VIII. MODELLING THE EVOLUTION OF LEARNING VERSUS NON‐LEARNING PLASTICITY
We now present an example to illustrate how one might study the adaptive value of non‐learning plasticity versus plasticity that incorporates learning and memory. We use the case of a non‐learning reaction norm in a varying environment where cues concerning current environmental conditions are not fully reliable (as shown in Fig. 3C). When current cues are only weakly correlated with the fitness‐affecting aspect of the environment, phenotypes produced by plastic genotypes may be mismatched to the environment, reducing the benefits of plasticity. Two alternative strategies for improving the effectiveness and thus fitness benefits of plasticity are possible. Primarily, the organism could invest in (i) ‘sampling’ effort, defined here as information gathering to improve the accuracy of any cue or estimate of environmental conditions only during the current ‘time event’ (sensu Stephens, 1987; DeWitt et al., 1998; Dall et al., 1999; Stephens et al., 2007; Eliassen et al., 2007, 2009; Dall, 2010). Alternatively, the organism could also invest in (ii) retention and use of an informational memory factor (sensu Harley, 1981) regarding environmental cues gathered during past time events. Therefore, ‘sampling’ is the label we use in this instance (as others have done) for all the effort in information gathering during the current time event (e.g. a visit to a foraging patch), as opposed to ‘learning’ and use of ‘memory’ for information retained from sampling during previous time events (e.g. previous visits to the same patch).

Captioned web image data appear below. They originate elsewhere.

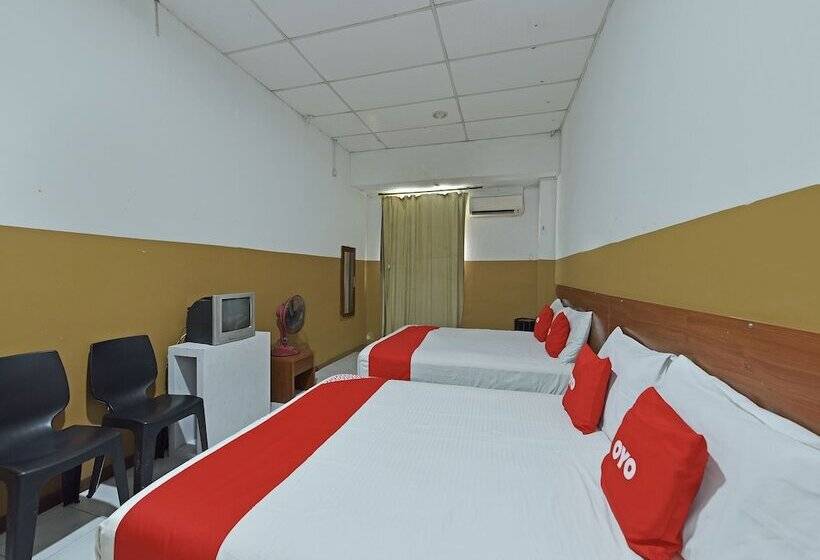 جناح عائلي, Maple Hotel By Oyo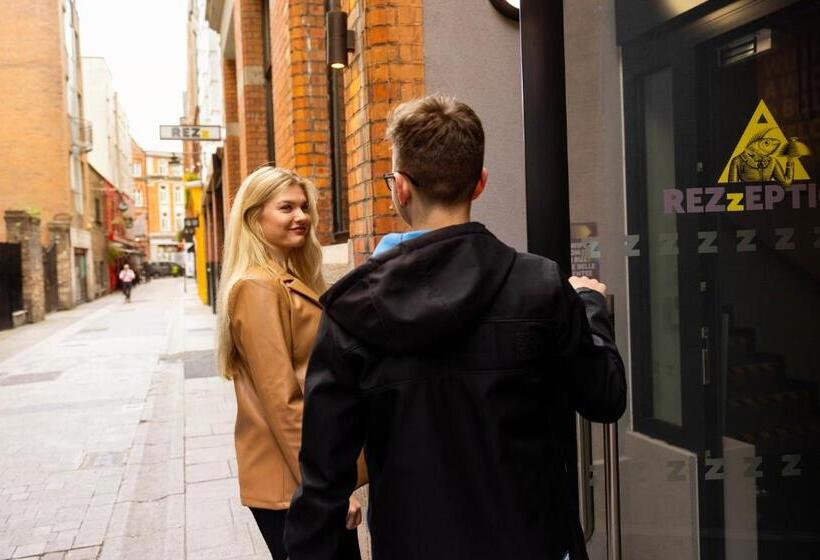酒店 Rezz Dublin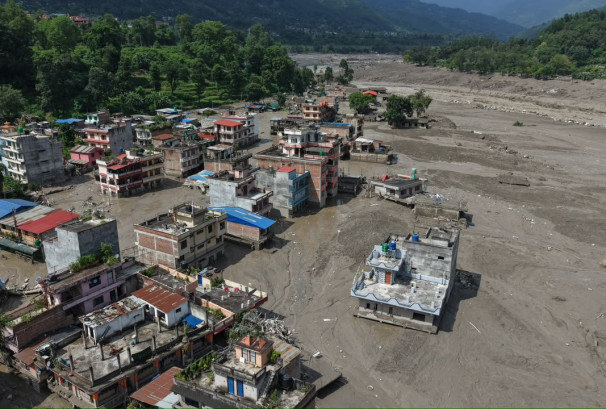 भोटेकोशी बाढीमा बालेनको अपडेट: १३ हजार सुरक्षाकर्मी परिचालन, ६९ उडानबाट ५७३ जनाको उद्धार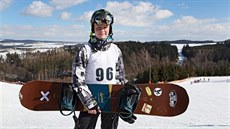 Čtrnáctiletý snowboardista Tomáš Tůma si poprvé zazávodil letos v lednu. Od té... Čtrnáctiletý snowboardista Tomáš Tůma si poprvé zazávodil letos v lednu. Od té...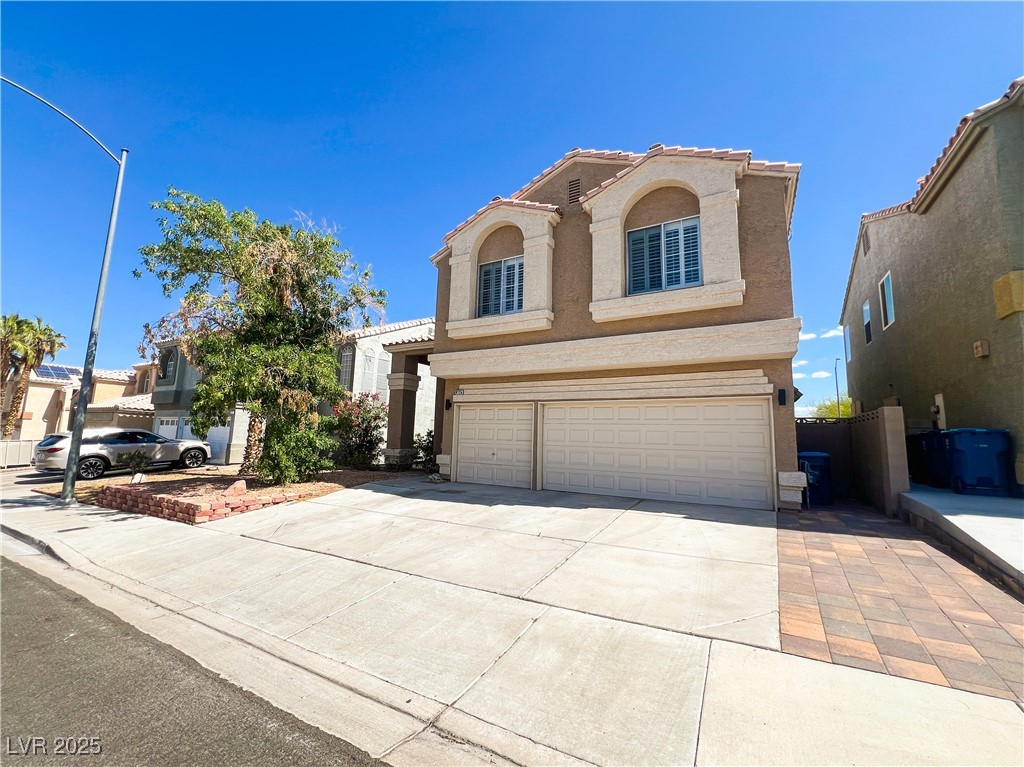 8125 Rio De Janeiro Drive Property Photo 2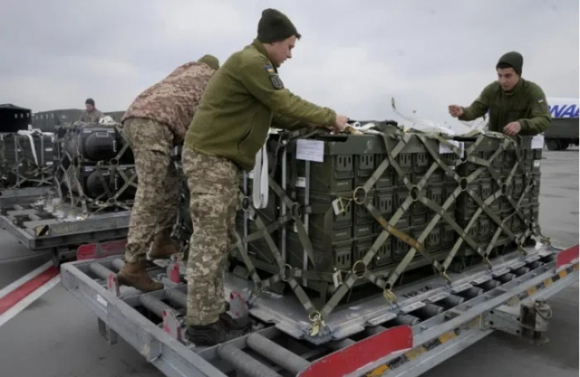 2 Ben Trong Trung Tam Dau Nao Dieu Phoi Van Chuyen Vu Khi Den Ukraine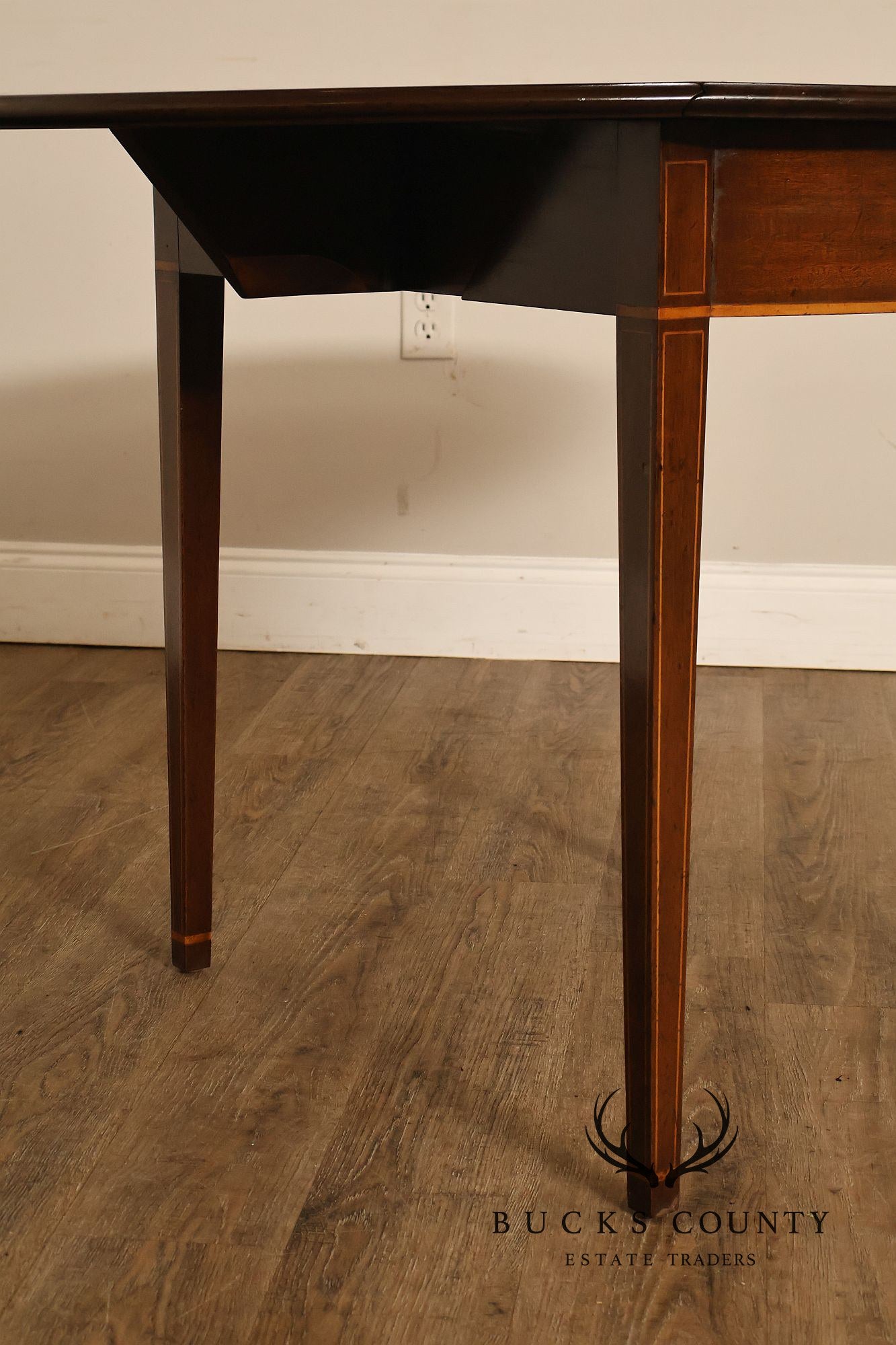 Kittinger Colonial Williamsburg Mahogany Pembroke Table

Diminishing fitness returns from the accuracy achieved from any information gathering effort (see Hansen, Carter & Pélabon, 2006) means that whenever it is employed then (i) sampling will always result in somewhat imperfect information. We are therefore interested in knowing when it might be worth also employing some degree of (ii) learning and informational memory from prior experiences to improve upon such accuracy adaptively, and how this might then in turn also affect the optimal degree of sampling effort and plasticity. Organisms can thus invest more or less time, attention, effort and/or resources into either one of these two options of sampling (i.e. gathering more detailed current information) and learning (i.e. greater use of a memory factor of previously sampled information). However, both come at the cost of such cognitive investment (perception and information processing; Shettleworth, 2010) and/or of other fitness‐enhancing activities (i.e. lost opportunity costs; Stephens et al., 2007). So, our model asks the question: when does it pay to evolve learning (and memory) across decision events, as opposed to improving sampling information for plasticity within the current decision event?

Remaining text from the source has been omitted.